Radni, którzy pełnili tę funkcję również w poprzedniej kadencji, doskonale pamiętali jak powody swojego odejścia argumentował wówczas Picheta, zatem nic dziwnego, że tłumaczenia przyjęli z uśmiechem.
- Panie radny, ponieważ byłam w tym zarządzie, z tego co pamiętam, wtedy to był show jak pan odchodził, jak pan rezygnował i myślę, że to jest zapisane w protokole, nie było na żywo wtedy, ale w protokołach jest, pan powiedział wprost, że pan nie widzi możliwości współpracy, nie chce pan współpracować nie wiem czy tylko z zarządem czy całą radą jeśli chodzi o koalicję – wspominała Anna Socha-Korendo – Ja tylko przypominam jak pan argumentował swoje odejście, dzisiaj pan mówi co innego, ja tylko panu za to dziękuję.

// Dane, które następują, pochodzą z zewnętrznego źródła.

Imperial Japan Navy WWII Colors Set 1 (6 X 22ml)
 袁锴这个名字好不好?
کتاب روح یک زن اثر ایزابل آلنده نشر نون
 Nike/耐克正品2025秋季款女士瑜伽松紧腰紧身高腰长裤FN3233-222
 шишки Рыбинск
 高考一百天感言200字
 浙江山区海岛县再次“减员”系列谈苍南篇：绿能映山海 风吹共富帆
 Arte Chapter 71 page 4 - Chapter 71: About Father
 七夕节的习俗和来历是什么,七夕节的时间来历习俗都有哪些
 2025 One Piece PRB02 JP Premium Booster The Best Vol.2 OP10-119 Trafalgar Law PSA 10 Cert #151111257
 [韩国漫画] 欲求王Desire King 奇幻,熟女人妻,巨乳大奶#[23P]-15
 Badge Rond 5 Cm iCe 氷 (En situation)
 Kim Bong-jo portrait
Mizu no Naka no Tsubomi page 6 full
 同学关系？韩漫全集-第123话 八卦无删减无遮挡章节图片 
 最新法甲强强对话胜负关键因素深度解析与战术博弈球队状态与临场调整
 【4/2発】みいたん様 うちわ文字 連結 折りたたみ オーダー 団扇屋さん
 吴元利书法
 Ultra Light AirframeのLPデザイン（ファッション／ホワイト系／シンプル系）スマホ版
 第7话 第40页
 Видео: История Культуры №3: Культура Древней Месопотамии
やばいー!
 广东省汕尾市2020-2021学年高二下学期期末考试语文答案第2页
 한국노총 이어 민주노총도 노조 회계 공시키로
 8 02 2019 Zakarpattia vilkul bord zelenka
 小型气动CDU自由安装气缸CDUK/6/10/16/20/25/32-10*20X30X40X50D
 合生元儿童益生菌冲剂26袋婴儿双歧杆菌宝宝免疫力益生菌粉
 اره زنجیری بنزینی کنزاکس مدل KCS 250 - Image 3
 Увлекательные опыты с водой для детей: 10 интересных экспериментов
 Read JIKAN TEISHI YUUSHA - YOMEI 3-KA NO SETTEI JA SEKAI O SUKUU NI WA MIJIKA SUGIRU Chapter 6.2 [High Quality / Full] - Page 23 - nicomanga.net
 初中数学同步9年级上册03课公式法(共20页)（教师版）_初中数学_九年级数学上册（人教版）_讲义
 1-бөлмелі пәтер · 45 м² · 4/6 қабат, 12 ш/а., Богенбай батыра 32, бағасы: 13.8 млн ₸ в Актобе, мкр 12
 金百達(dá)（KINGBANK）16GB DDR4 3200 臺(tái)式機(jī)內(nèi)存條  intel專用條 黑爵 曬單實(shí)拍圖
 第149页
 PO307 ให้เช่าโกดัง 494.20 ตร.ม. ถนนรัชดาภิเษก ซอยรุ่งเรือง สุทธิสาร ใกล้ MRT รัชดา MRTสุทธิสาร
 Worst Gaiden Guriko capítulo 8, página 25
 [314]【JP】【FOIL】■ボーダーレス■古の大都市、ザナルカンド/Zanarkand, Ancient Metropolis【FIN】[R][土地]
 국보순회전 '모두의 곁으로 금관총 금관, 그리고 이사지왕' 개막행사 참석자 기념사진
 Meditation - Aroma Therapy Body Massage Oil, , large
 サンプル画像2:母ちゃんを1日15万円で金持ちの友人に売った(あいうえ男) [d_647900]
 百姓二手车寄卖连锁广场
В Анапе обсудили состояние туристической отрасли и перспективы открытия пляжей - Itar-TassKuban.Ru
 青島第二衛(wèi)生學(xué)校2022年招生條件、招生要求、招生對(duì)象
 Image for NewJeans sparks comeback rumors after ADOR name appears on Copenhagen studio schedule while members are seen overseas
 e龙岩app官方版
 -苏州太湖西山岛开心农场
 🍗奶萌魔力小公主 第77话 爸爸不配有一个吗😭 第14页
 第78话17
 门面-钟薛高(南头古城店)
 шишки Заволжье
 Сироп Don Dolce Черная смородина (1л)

Wojciech P. wyrokiem Sądu Rejonowego w Myszkowie uzyskał warunkowe umorzenie postępowania karnego. Był oskarżony o podanie nieprawdy w oświadczeniach majątkowych, zostało dowiedzione, że przyjmował pieniądze od klientów za badania lekarskie, pieniądze, których nie wykazał ani w Urzędzie Skarbowym, ani w oświadczeniu majątkowym. Obecnie ma postawione przez Prokuraturę Okręgową w Częstochowie zarzuty oszustwa w związku z podejrzeniem wyłudzenia środków z NFZ. To wątek wyłączony do osobnego śledztwa, ze sprawy w której Wojciech P. już został osądzony. Śledztwo zostało przedłużone do końca maja, w związku z koniecznością uzupełnienia opinii grafologicznej sporządzonej na zlecenie prokuratury.